Alarmingly, she then yelled, “No justice, no peace!” Hoping not to be on the receiving end of “no peace,” I pathetically stuttered: “Middle East Peace Coalition. It [the paper] says a ‘peace demonstration.’ It says ‘peace’ on my sign.”

A dialogue of the deaf ensued. I asked why Jews can’t have a state like every other nation, just like the Palestinians want. Or why Zionism is racism if fully 20 percent of Israel’s population is Palestinian, while Arabs insist that all Jews leave the West Bank and Gaza so that they can have a state without Jews.

Someone demanded to know why I cite the status of the West Bank and Gaza as the sticking points rather than “the whole occupation.” Then a guy wrapped in a Palestinian flag asserted that since all Israel is occupied territory and Israel’s existence is therefore a crime against peace, a Zionist like me is, by definition, an intruder at a peace rally. Someone added that the overwhelming majority of U.N.-accredited non-governmental organizations at the 2001 U.N. World Conference Against Racism in Durban, South Africa, declared Zionism to be a racist, outlaw movement. I agreed that the United Nations, in the main, and the Middle East Peace Coalition hold the same view of Israel.

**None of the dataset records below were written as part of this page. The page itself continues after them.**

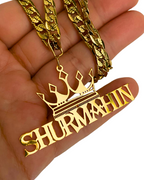 COLLAR CON CON NOMBRE Y CORONA DE REY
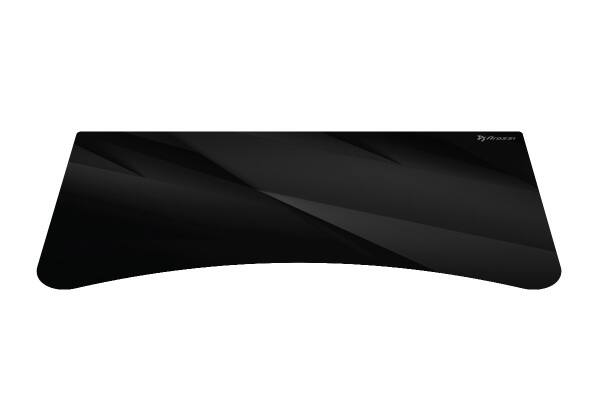 Front. Arozzi - Arozzi Arena Full-Surface, Interchangeable, Water-Resistant, and Washable Mouse Pad with Stitched Edges - D060 - Black.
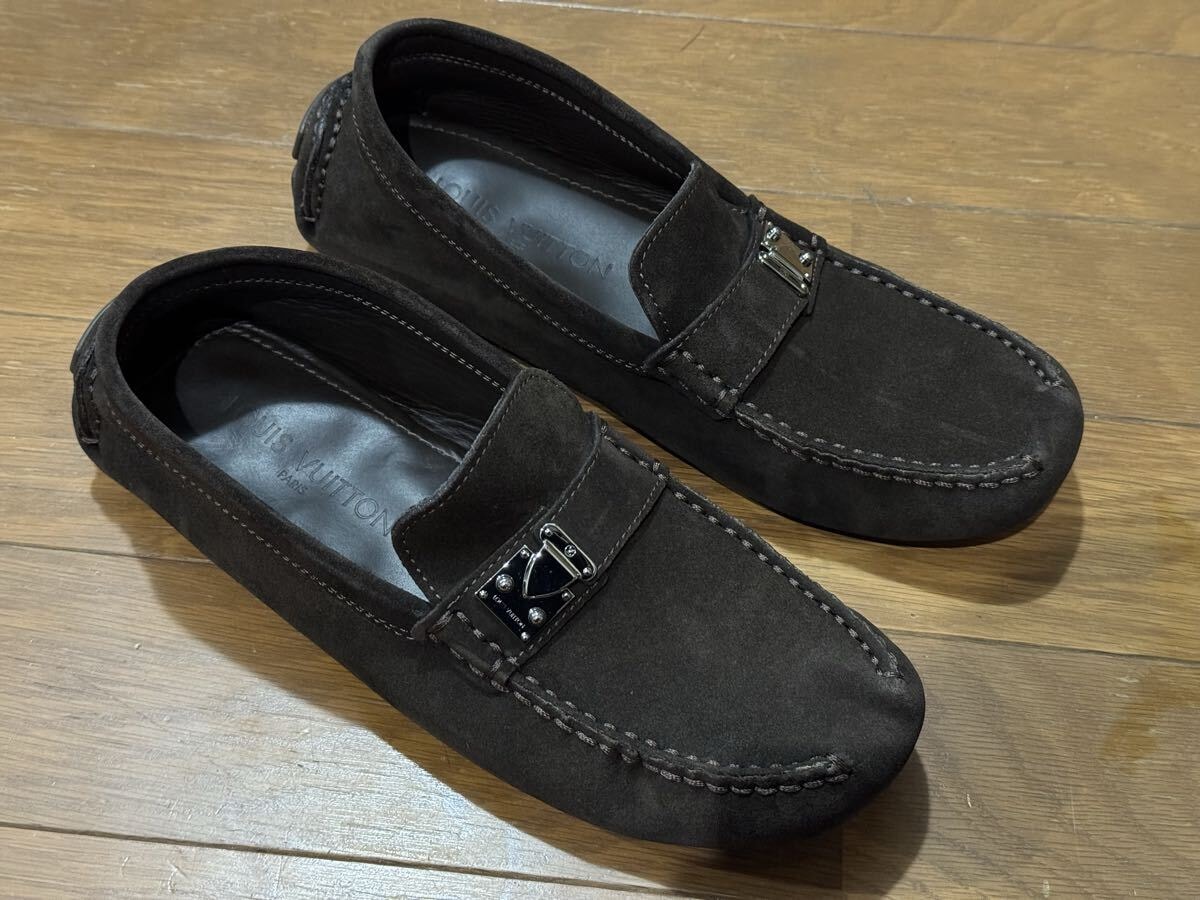 LouisVuittonルイヴィトン ドライビングシューズ ローファー 25.5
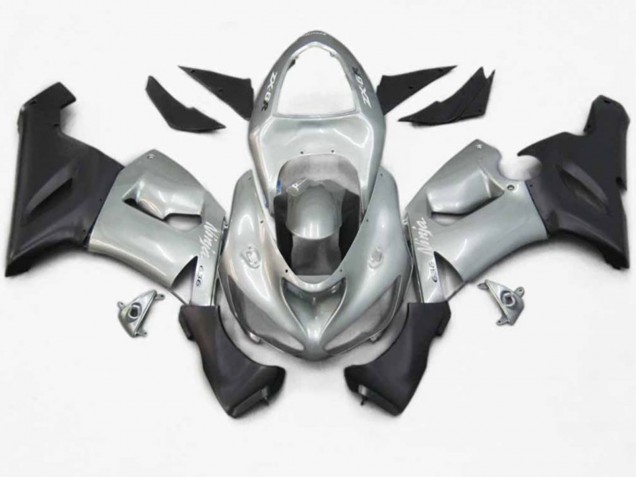 Silberrot Flamme 2005-2006 Kawasaki ZX6R Motorrad Verkleidungen Silberrot Flamme 2005-2006 Kawasaki ZX6R Motorrad Verkleidungen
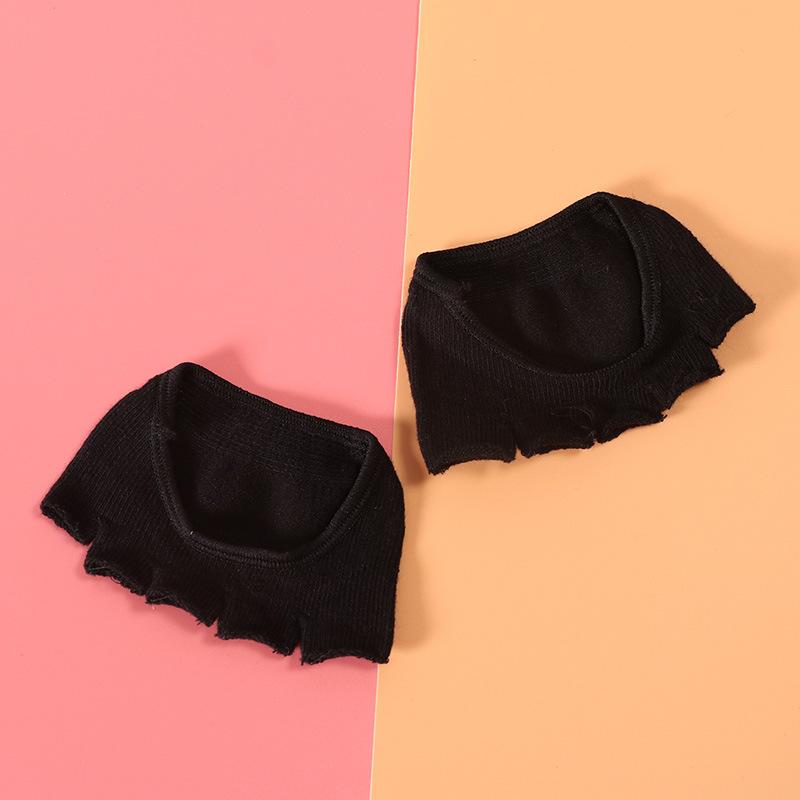 

1 пара подтяжек женские носки-следки с пятью пальцами невидимые с мелким вырезом летние тонкие носки на полуподошве туфли на высоком каблуке носки-невидимки One Size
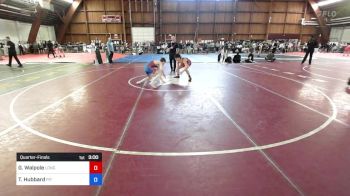 126A lbs Quarterfinal - Gregory Walpole, Long Beach High School vs Talan Hubbard, Pit Crew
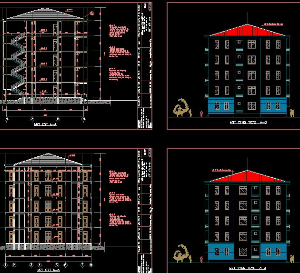 Đồ án tốt nghiệp Bản vẽ thiết kế kí túc xá 5 tầng trường cao đẳng Du lịch Hà Nội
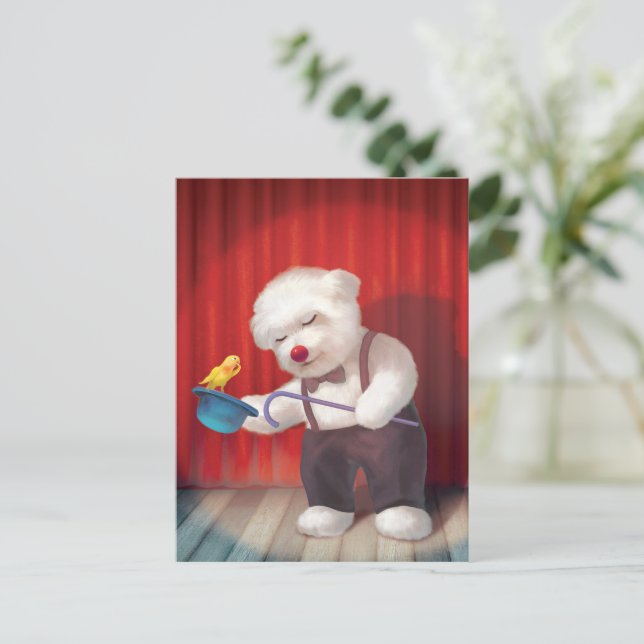 Magical Performance Announcement Postcard (Standing Front)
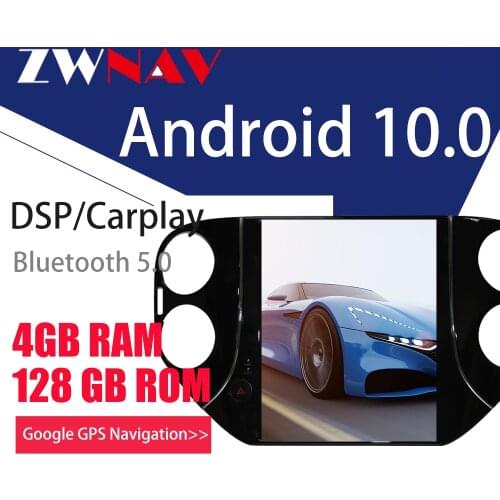 4+128G Tesla Screen For VW Tiguan 2010 2011 2012 2013 2014 2015 2016 Android 10 Car Multimedia Player GPS Radio Stereo Head Unit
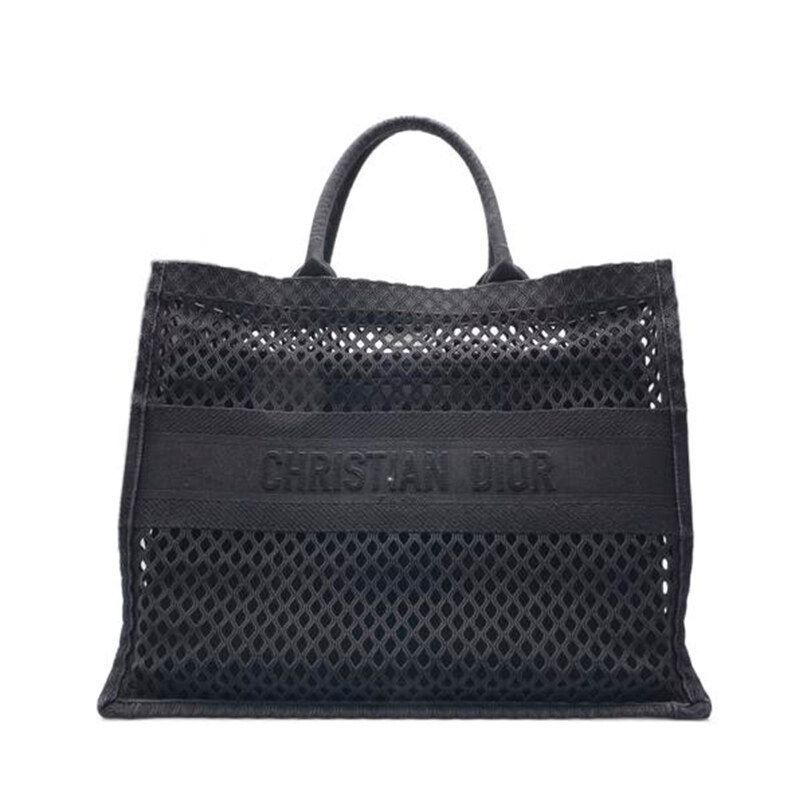 Dior Black Mesh Book Tote Large Tote Bag SKU123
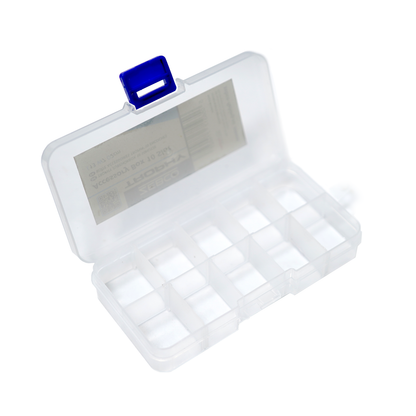 Кутия за примамки и аксесоари ZEBCO Trophy Accessory Box 10 отделения - 7×2×13 cm с 10 отделения.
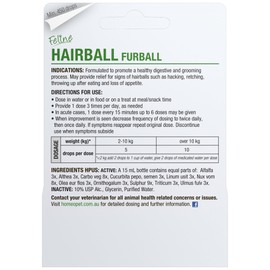 HomeoPet Feline Furball Hairball Drops 15 mL – Hairball Management & Cat Digestive Aid for Hairball Relief
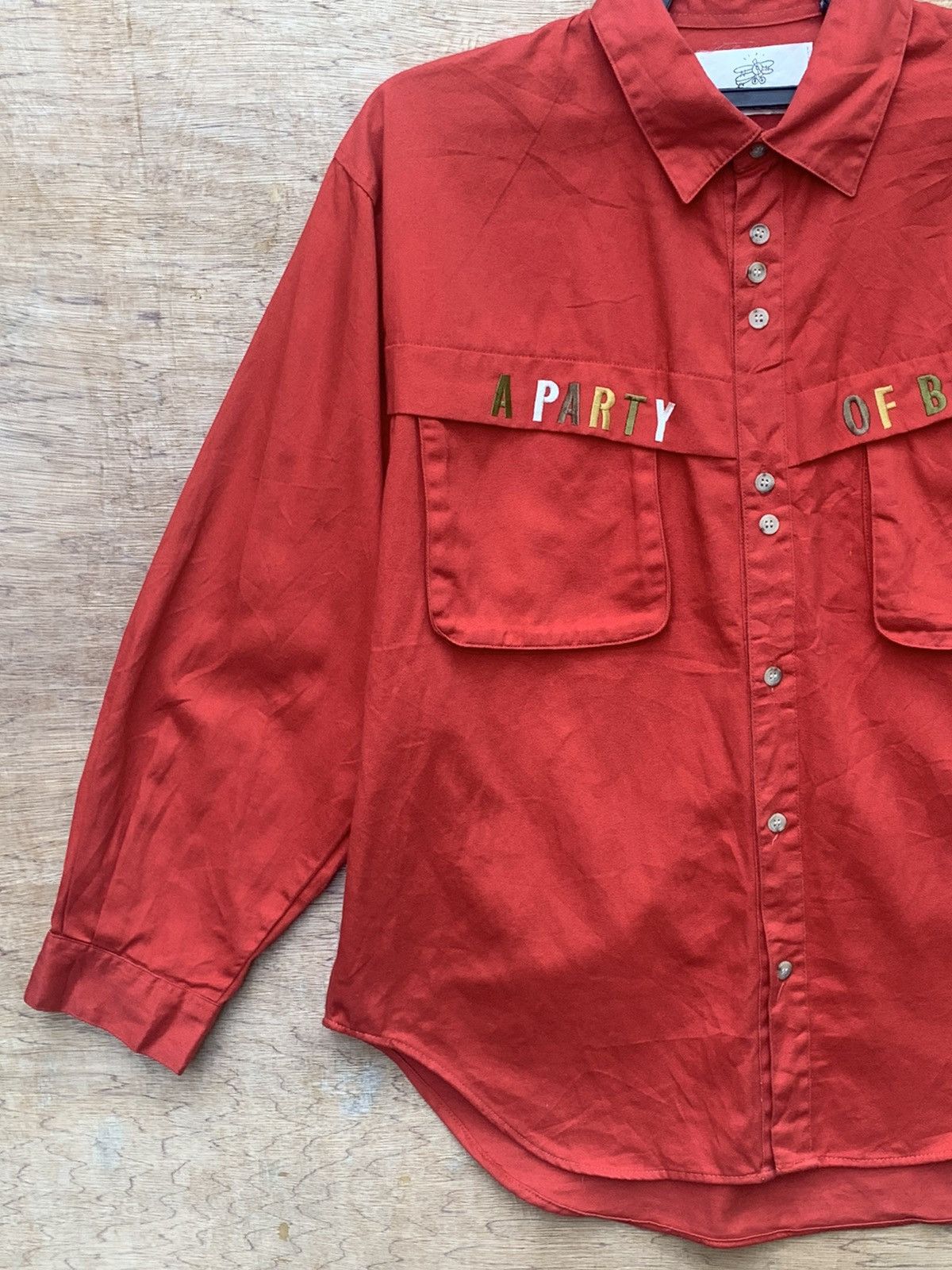 Japanese Brand SAND BEIGE A PARTY OF BOYS Slang Pocket Button Ups Shirt Size US L / EU 52-54 / 3 - 9 Thumbnail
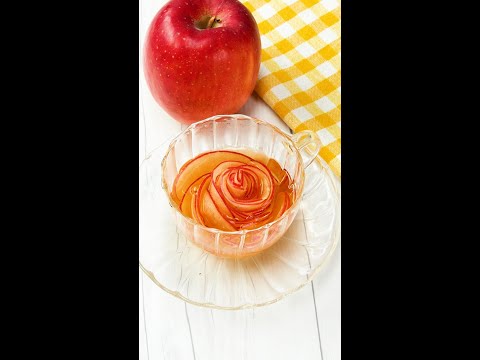 【りんごは全部コレにする♡】これ考えた人、天才！簡単フルーツレシピ / Apple Rose Tea #shorts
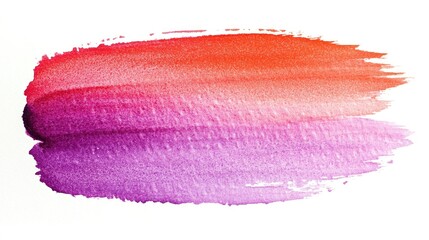 Obraz premium Vibrant, textured brushstroke of blended paint colors.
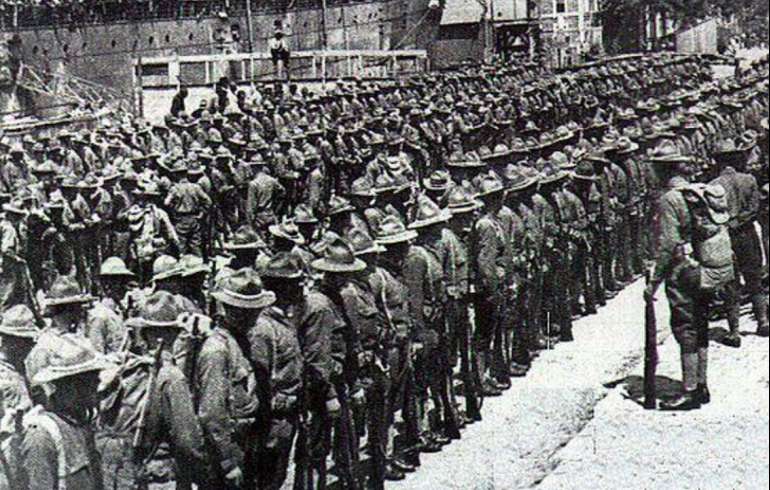 En images : le débarquement des Américains à Saint-Nazaire en 1917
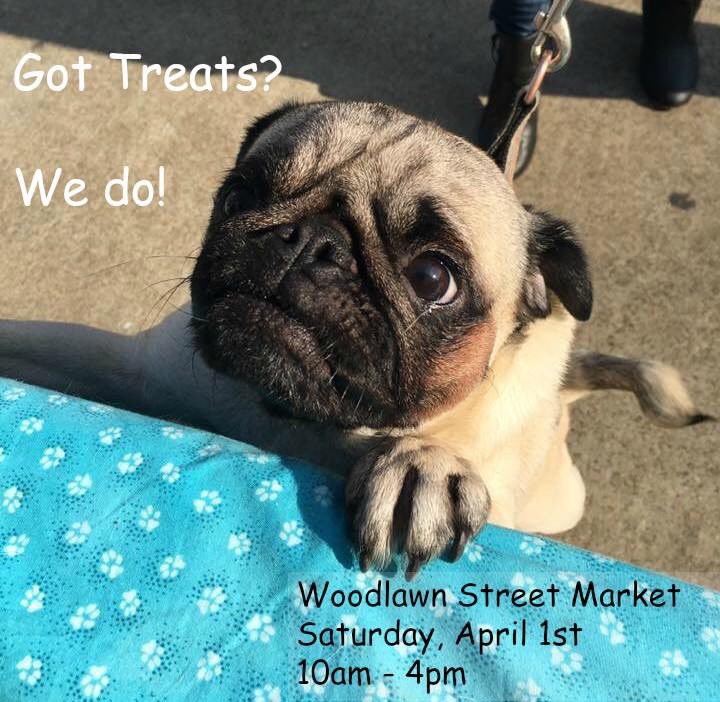 Woodlawn Street Market this Saturday!  Come see us. Your dog's been missing his CahaBones!
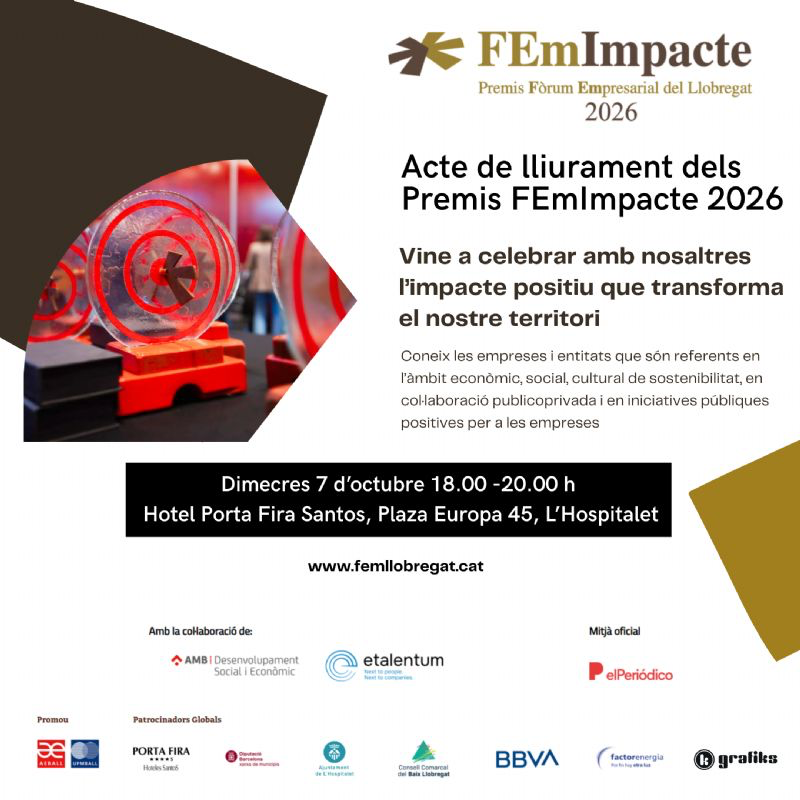 L'Hospitalet to Host FEmImpacte 2026 Awards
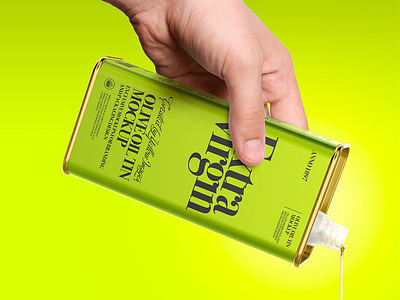 Free Olive Oil Tin Can Mockup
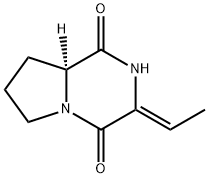 Pyrrolo[1,2-a]pyrazine-1,4-dione, 3-ethylidenehexahydro-, (3Z,8aS)- (9CI) Structure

Sensing checkmate, the man who seemed to be in charge of the event shouted, “go back to your country!” I guess he meant Israel, though I was born and raised in America. But how could Israel ever be my country if, according to them, Israel should not be?

Eventually, they called the cops on me. A very nice policeman named Robert Chico asked me to leave. Although I did not want to give Officer Chico a hard time, I pleaded my case: a Zionist for peace is a legitimate part of a Middle East peace coalition; this is billed as a rally for Middle East peace; New York City granted the group a permit to demonstrate based on this premise; either their permit should be revoked for its filing under false pretenses (I suggested in frustration that it should have been filed for the “Middle East Genocide Coalition”) or I should be allowed to stay and these agitators against peace should be made to leave.

Observing the taunts and epithets hurled at me as I conversed with him, Officer Chico said he understood my position but had to remove me for my protection.

Polina Valis, with me throughout the peace rally, is an intrepid soul. In July, she consented to a proposal by filmmaker Pierre Rehov to meet the father of the Dolphinarium suicide bomber. (The father refused to meet her, and Jordan, where he lives, refused to grant her a visa.) A double major in Political Science and History at the City University of New York, she has debated Muslim classmates here who advocate suicide bombings against Israeli Jews and never revealed that she, herself, is a victim of such atrocity. After Officer Chico removed us from the peace rally, brave Polina said she thought nothing could frighten her anymore, but that the Middle East Peace Coalition did.

Robert Jancu is the managing attorney of the American Legal Response Team for Democracy, an organization that advocates in the courts for victims of terror and political repression.